Je ne voulais pas le vexer, j’ai répété ses mots, en arabe, des mots qui sonnaient vraiment sacrés. Ayant terminé, il me sourit.
“Voilà, maintenant tu es musulman.” Quelques mots, énoncés avec le coeur, suffisent pour devenir musulman : Allah est Un, Mohammed est son prophète. Il était fier de me l’annoncer. J’ai décidé que cette belle tromperie avait été pour moi une magnifique occasion de me rappeler qu’après tout, nous sommes tous frères. Ce saint homme venait de m’ouvrir les portes de sa maison, je suis aujourd’hui de sa famille… Si ces mots étaient pour lui nécessaires, je ne les avais pas attendu pour le considérer comme mon frère. Mais nous voilà sur la même longueur d’onde. Me voilà… chrétien par mes origines, catholique par mon éducation, musulman par mes mots. Et je crois deviner que cette troisième profession de foi n’est pas ma dernière…
Mais j’en oublie de parler de l’Iran, et voilà bientôt deux semaines que j’y suis. C’est une merveille. J’y suis arrivé tout en douceur, avec une super famille de marseillais en camping car. Je ne savais pas à quoi m’attendre, que penser dupays diabolisé par tous les media et toutes les associations des droits de l’homme… Je ne me suis jamais senti aussi bien à l’étranger. Revenons les pieds sur terre, le nucléaire reste quand même une histoire politique manipulée par dix barbus, et on nous laisse croire que c’est ça l’Iran…
J’ai dû adapter quelque peu ma technique de stop, car le concept n’est décidément pas universel. Tout le monde s’arrête, mais tout le monde s’attend à recevoir un billet en retour. Je précise donc au début que je n’ai pas un sou (ce qui était assez vrai puisque mes enfantillages m’ont entraîné en Iran sans l’information fondamentale qu’aucune carte de banque internationale ne fonctionne dans ce pays), et je ressorts de la voiture avec une liasse de billet… mmmh, ils ne comprennent vraiment pas le concept.
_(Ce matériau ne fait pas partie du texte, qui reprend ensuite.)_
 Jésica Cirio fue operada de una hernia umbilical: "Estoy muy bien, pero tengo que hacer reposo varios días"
J’ai néanmoins un sérieux problème : c’est une conspiration, on ne me laisse pas avancer. Je suis sans cesse freiné… tous les 20 km environs, on m’invite pour passer la nuit. “Mais… il est 10h !” “Bon allez, je prendrai un thé chez toi avec plaisir, mais après, je repars ! ” Tu parles, je me laisse toujours tenter par un repas, un barbecue, une petite chicha ou un mini foot. Alors maintenant que j’y suis, autant y passer la nuit.
Je découvre une culture pleine de surprises, et remplie d’inconnues. Une société qui ne peut pas porter de shorts, une société qui porte le voile obligatoire, qui interdit le concept de “girlfriend”, tout type d’alcool et facebook, une société qui offre aux femmes des compartiments séparés dans les bus et métros, et qui ne délivre un passeport qu’aux hommes qui terminent leur service militaire… j’observe et j’apprends, je m’étonne et m’émerveille, parce que, quoi qu’on en dise, cette société pleine d’interdits rayonne d’une gentillesse et d’un sens de l’accueil hors du commun.
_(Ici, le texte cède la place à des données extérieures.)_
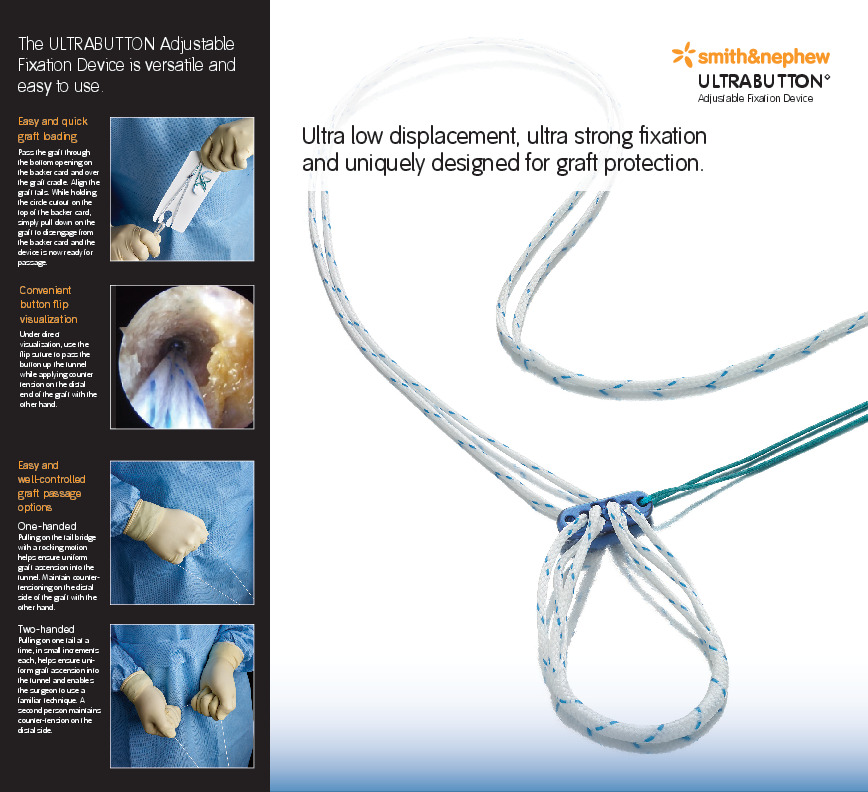 ULTRABUTTON Brochure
Je n’ai pas trop traîné à Téhéran, la ville aux 14 millions dit-on, je suis descendu sur Esfahan, et j’y ai passé 3 jours. Les villes iraniennes sont magnifiques, soignées et pleines de fleurs, de parcs et de fontaines. Je m’assieds, et j’attends quelques minutes… que quelqu’un vienne vers moi. Il faut dire qu’avec mon sac, je ne passe pas inaperçu, et très rapidement, je me retrouve entouré de monde. Parfois, la rencontre est brève, parfois elle se prolonge par un repas, une balade, une visite…
Mais voilà, mon visa arrive à expiration, et je suis donc en route vers le Turkménistan, prenant mon temps par les routes de désert. J’ai passé la journée d’aujourd’hui dans le désert avec deux géologues, prise d’echantillons dans une carrière de talc, et un peu de fun à courir derrière les chameaux en liberté… Je suis heureux, et je vous dis bonne nuit.